И еще, пожалуй, необходимо сказать несколько слов вот в этой части нашего разговора о великих открытиях, которые делаются в эту эпоху. Напомню, что именно в этот период – 1850 – 1900 годы – делается несколько открытий, которые определили физиономию всего XX века вплоть до изобретения интернета.

Это и, вдумаемся в это на секундочку, вот была Евклидова геометрия, с самой античности, древняя, и вот несколько ученых в разных странах, в том числе наш Лобачевский, обосновывают совершенно другую геометрию, исходящую из того, что параллельные прямые могут пересекаться. Это и, например, генетика. Именно в эту эпоху она тоже утверждается в Европе. В России и в Советской России, как мы знаем, к сожалению, она очень сильно запоздала.

Совершенно по-другому человек начал глядеть на то как устроена жизнь.
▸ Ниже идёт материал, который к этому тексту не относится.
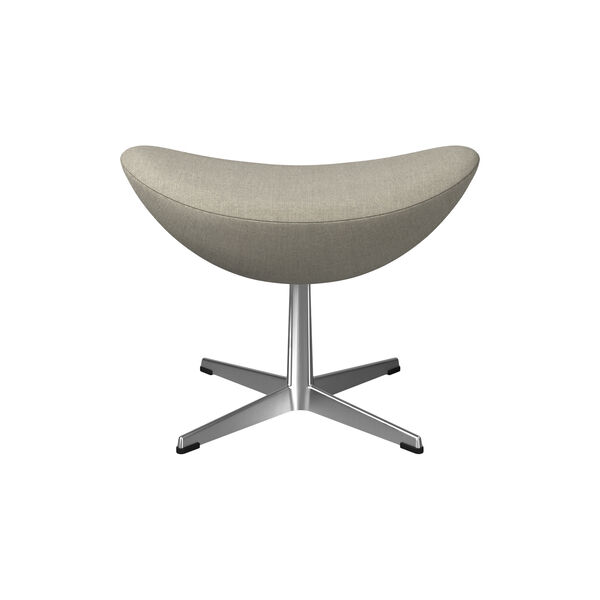 &AElig;gget&trade; 3127 fodskammel, beige melange, Fritz Hansen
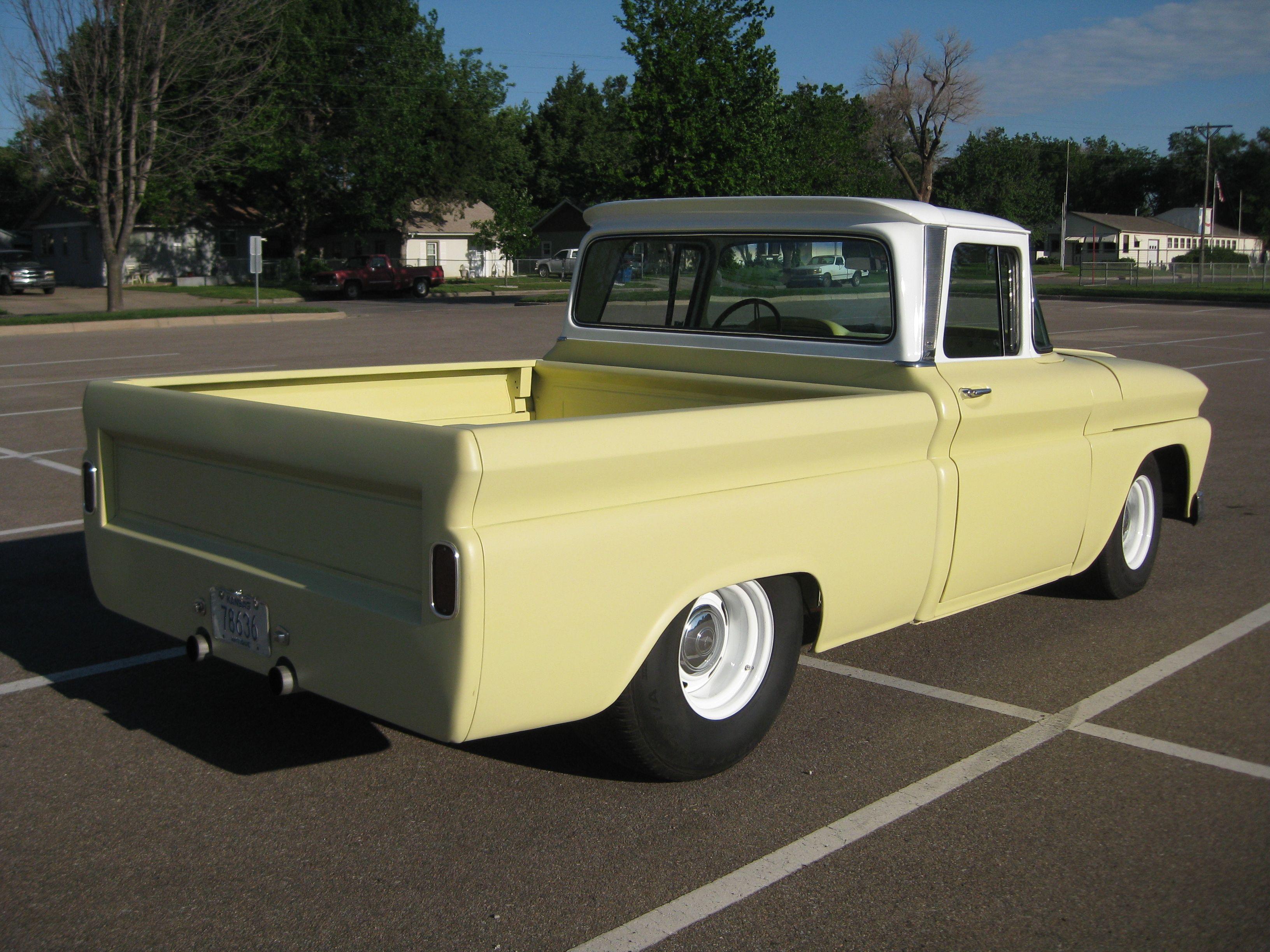 1962 Chevy Truck Wallpapers - Wallpaper Cave
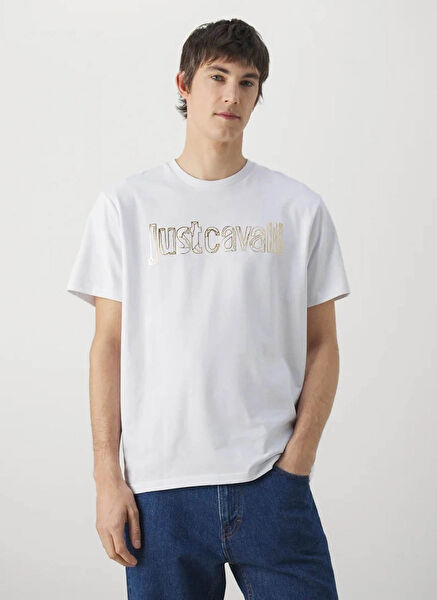 Just Cavalli Erkek Tişört
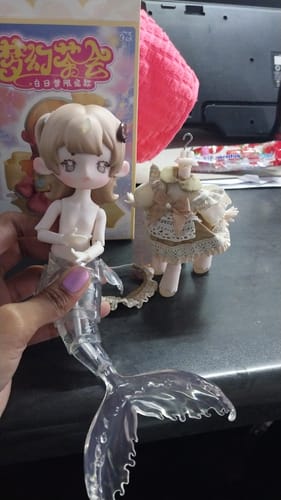 Customer photo review of Antu Dreamlike Tea Party Daydream Limited Action Figure BJD Blind Box
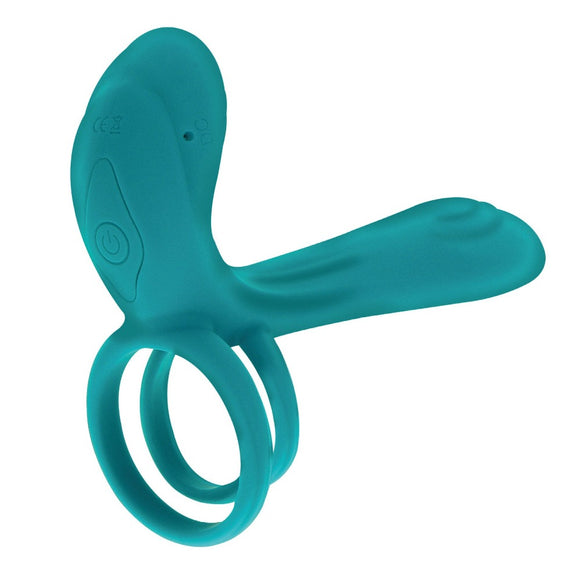 Xocoon Couples Vibrator Cock Ring Penis Sheath Erection Pleasure Sex Enhancer Toy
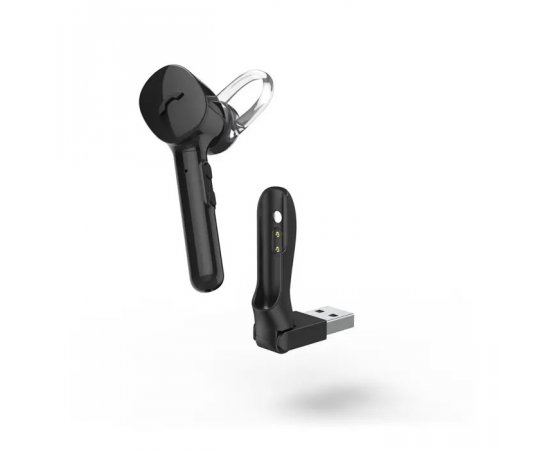 HAMA 177060 MYVOICE1300, MONO BLUETOOTH HEADSET, PRE 2 ZARIADENIA, HLASOVY ASISTENT (SIRI, GOOGLE)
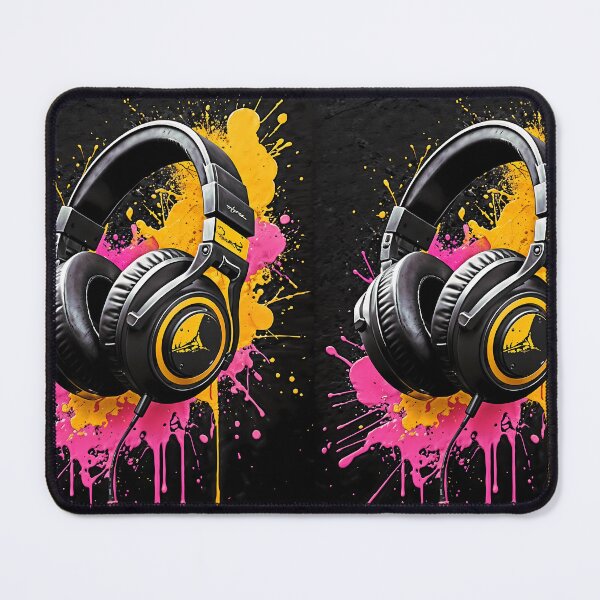 Item preview, Headphones that paint your world with music designed and sold by Turko762.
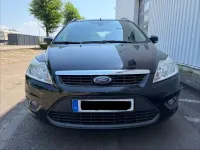 Gebraucht Ford Focus Style 101 PS (74 kW) 2009 Schwarz Limousine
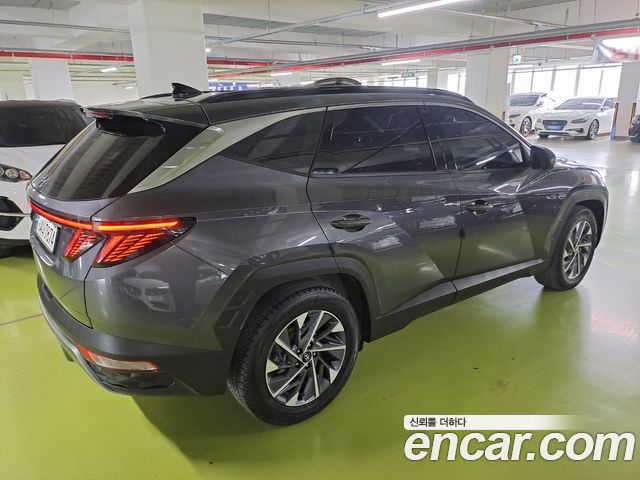 Hyundai Тусон Гибрид (NX4) 2021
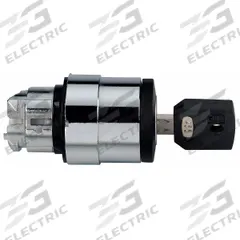 SCHNEIDER ELECTRIC Keyed Selector Switch: 2 Position, 22 mm Panel Mounting Size, Series XB4 (MPN ZB4BG214). Key specifications — Manufacturer Part Number: ZB4BG214; Brand: SCHNEIDER; Switch Action: Maintained/Maintained; Key Removal Position: Left.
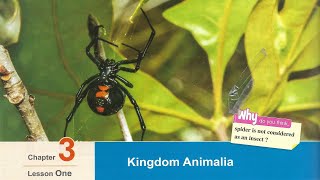 Sec 1\ Biology -2nd term\ Unit 4 \ Chapter 3.1: Kingdom Animalia. screenshot 1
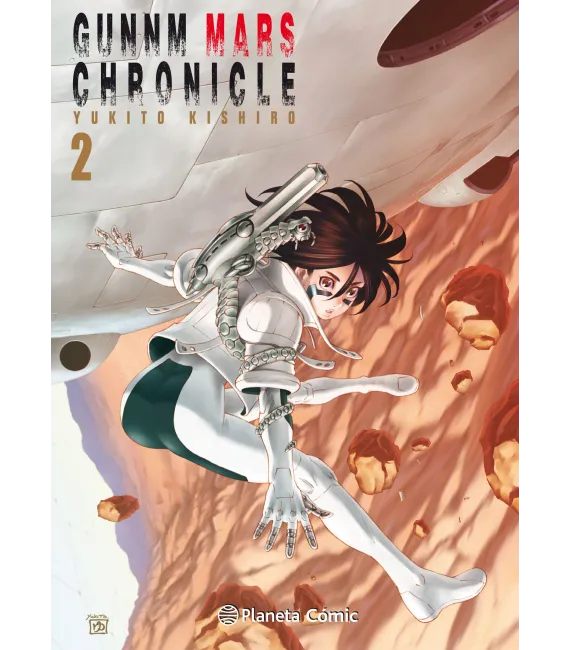 Gunnm Mars Chronicle Nº 02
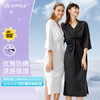 Supield素湃中长款连体防晒衣女宽松版型多褶设计夏季薄款防晒服 商品缩略图0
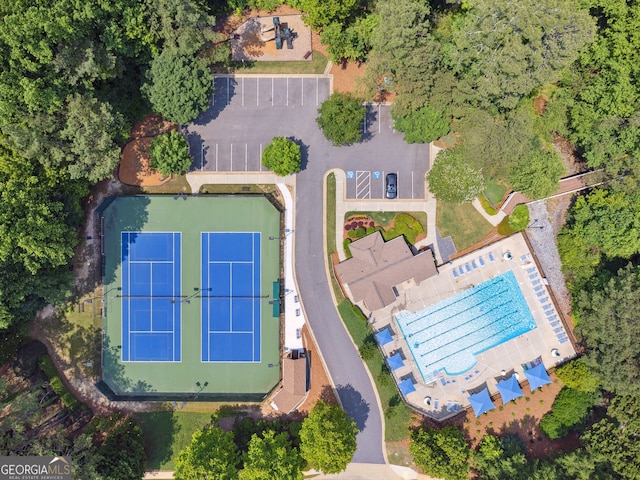 712 Brookshade Pkwy, Alpharetta, GA 30004 - bird's eye view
Это и кинематограф Эдисона и братьев Люмьер. Это и патефон. И вообще это огромное количество открытий. И, казалось бы, человек должен почувствовать себя уверенней: ну как же, сделано столько великих замечательных открытий, мир начинает познаваться все больше и больше. На самом деле все это привело к совершенно обратному результату.

Позволю себе предложить такую небольшую метафору. Представим себе, что мы сидим в комнате нашей, нам уютно, нас окружают знакомые предметы, свет падает на каждый из этих предметов. Мы чувствуем себя уверенно и хорошо. Вот это можно сопоставить с тем, как чувствовал себя европейский человек в середине XIX века. Теперь представим себе, что стены нашей комнаты отодвинули, ну предположим, на десять или на восемь метров. А света прибавилось, но света прибавилось немножко. И вот мы сидим, какая-то часть нам видна хорошо, мы видим еще какие-то смутные очертания предметов вокруг себя, а дальше – темнота.

И вот так парадоксальным образом открытия привели к тому, что европейский человек этой эпохи почувствовал себя именно так. Он почувствовал, что главные загадки бытия, которые можно опять, несколько упрощая, определить тремя словами: загадка смерти, загадка Бога, загадка любви не разрешаются ни с помощью позитивизма, ни с помощью эволюционизма. Люди продолжают умирать, люди по прежнему не знают есть ли высшая сила, которая управляет их жизнью. Любовные отношения все равно сложны, и никакие открытия новые научные не позволяют ничего здесь сделать. Эти загадки остаются неразрешенными.

И поскольку выбор здесь не очень большой. Это можно назвать маятником – то, как развивается человечество. И понятно, что от позитивизма, от ставки на разум, от ставки на рацио и ставки на то, что мы сможем с помощью разума преобразовать этот мир (в скобках скажем, что и марксистская теория, собственно говоря, это предлагала – с помощью социальных преобразований мы изменяем мир к лучшему) маятник качается в другую сторону, маятник качается в сторону ставки на душу, в сторону ставки на иррациональное познание мира: мы должны познавать мир не рационально, не с помощью разума, не с помощью позитивизма, а с помощью нащупывания вокруг себя каких-то сложных связей.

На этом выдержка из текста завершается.